Leora: Amazing; thank you, Brendan. I’m wondering if (a) there’s a detail from the design that you think audiences would appreciate having a heads up about, or knowing to look out for, and then (b) if there’s anything about my work on this show as a director that would open up anything for the audience in a useful way, before they watch it? 

Brendan: For design – there is a moon. I love the moon, and I love being outdoors, and I love when theater does not forget there is a world beyond our making. And I would love to invite audiences to share that excitement with me. 

For you, Leora, I guess I am curious about two things. (a) How your understanding of the piece, both its themes but also its container, has changed for you as you’ve worked on it, and (b) how you think of the play as relating to Atlanta (a city you know better than I) and to our current moment, globally? Also, which parts are most fun? 

Leora: I’m going to start with the most fun, although it’s a bit theoretical because we haven’t started rehearsals yet [at the time of this interview]. But, for me, a lot of the moments of theatrical fun (the moments where we get to take pleasure and have fun with the magic of theatre) are also moments where the world is actually most menacing or dread-filled or dangerous for the characters [...] and then there’s also the moments of just outright silliness. 

In terms of my growing understanding of the piece, I very much relate to your description of the power of returning to a story again and again, and I feel like, as this development process has unfolded, what’s been happening in the world at any given moment has surfaced different threads of the play in different ways, or with a different kind of urgency. At one point the text mentions wars, plagues, tyrants, violence in the streets, and love … and as the months have gone by, each one of those things has really become the container in which we are all living our lives, the beast we must all be reckoning with, or the primary force at work inside us as individuals. It’s been a valuable and terrifying reminder that even the things that don’t feel possible or likely in our time and place in history are waiting right there and could come back at any time (and also, probably, for someone, somewhere else in the world, those things – and others – are happening). I haven’t been able to stop thinking about the sentence “the lip of history” and this idea that every moment spills into the next one.  

In building the container [of the story], I was surprised to discover how fixed we needed the elements of the world to be.
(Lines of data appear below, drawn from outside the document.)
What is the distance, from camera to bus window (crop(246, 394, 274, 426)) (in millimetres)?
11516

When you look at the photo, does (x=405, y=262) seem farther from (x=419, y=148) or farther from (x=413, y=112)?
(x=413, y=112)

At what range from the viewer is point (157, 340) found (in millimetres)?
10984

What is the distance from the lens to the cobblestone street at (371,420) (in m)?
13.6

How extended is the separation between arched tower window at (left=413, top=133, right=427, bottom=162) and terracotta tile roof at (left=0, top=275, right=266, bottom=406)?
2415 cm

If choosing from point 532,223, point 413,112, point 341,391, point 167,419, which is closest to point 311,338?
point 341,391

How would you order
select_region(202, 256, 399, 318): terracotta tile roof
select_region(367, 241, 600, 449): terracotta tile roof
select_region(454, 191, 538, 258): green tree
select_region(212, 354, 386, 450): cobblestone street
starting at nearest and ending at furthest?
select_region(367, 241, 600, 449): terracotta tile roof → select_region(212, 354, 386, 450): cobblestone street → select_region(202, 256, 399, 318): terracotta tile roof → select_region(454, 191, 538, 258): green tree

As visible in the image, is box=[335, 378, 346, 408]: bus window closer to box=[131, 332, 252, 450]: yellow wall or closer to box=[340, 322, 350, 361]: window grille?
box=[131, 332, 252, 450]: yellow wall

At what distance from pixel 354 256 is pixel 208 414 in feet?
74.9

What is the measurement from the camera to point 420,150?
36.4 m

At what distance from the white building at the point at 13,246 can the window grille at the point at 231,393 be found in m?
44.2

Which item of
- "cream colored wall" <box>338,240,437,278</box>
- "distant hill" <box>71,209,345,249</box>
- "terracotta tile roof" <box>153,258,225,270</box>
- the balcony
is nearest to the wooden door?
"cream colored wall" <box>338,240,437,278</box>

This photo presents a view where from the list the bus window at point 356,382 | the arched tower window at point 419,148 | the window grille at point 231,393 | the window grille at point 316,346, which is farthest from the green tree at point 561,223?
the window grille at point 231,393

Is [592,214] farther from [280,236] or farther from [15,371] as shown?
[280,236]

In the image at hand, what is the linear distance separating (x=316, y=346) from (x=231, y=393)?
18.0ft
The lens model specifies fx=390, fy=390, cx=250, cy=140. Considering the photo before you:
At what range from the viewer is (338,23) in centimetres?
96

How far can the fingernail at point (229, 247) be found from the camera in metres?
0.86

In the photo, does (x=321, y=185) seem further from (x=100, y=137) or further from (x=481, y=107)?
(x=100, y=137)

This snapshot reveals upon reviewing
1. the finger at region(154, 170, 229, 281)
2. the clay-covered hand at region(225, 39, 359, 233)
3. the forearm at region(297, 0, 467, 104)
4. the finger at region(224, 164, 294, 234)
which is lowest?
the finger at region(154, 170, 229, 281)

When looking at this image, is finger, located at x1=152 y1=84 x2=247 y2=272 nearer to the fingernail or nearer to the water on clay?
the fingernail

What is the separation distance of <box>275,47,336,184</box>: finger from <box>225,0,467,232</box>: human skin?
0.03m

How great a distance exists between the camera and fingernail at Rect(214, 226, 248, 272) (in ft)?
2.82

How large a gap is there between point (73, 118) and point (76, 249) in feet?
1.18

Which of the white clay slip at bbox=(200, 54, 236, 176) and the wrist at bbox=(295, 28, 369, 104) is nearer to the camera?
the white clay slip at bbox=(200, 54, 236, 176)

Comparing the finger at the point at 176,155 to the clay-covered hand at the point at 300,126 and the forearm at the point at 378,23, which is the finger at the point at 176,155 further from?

These actors are dealing with the theatrical hand the production has dealt. They are alive inside this playground that they didn’t create but exist in. And while they take characters on and off in a way that we don’t get to in our real lives, those garments and fates go on and off within a very prescribed (and strange) world. And there’s something about the strangeness of the theatrical space that reminds me that our world seems like the only way a world could be .. but it leaves me wondering how much more would be possible if one thing in one "lip of history” moment had gone differently. How the chain reaction of history could have (and could still) lead us somewhere we can’t even imagine or recognize. That all sounds very Charles Darnay. 

In terms of Atlanta, I was also an outsider when I moved here. I arrived here and fell in love with its aliveness, its heart, the pulse of the city, its incredible diversity. And also wondered at its extremes, and its many, many contradictions. Now I am back to being a visitor to and not a citizen of this city, but I hope this production invites citizens of Atlanta to bring all the many (contradicting) parts of themselves and potentially contradicting views of their city to the story and see what it can reveal.  

Last thing, Brendan. On this day, what’s one line of text that’s really in your head/heart? 

Brendan: I was thinking about the line about Louis’s transformation from king, to citizen, to prisoner, to murdered corpse. I am not sure why. You?

Leora: “The man who began life as heir to the throne looks out at his people and realizes he is like them – he can suffer.” I think for me, it’s still “the lip of history.” I love that there’s no subject in this sentence. It’s a naming of something so big we don’t even get located inside it as individuals.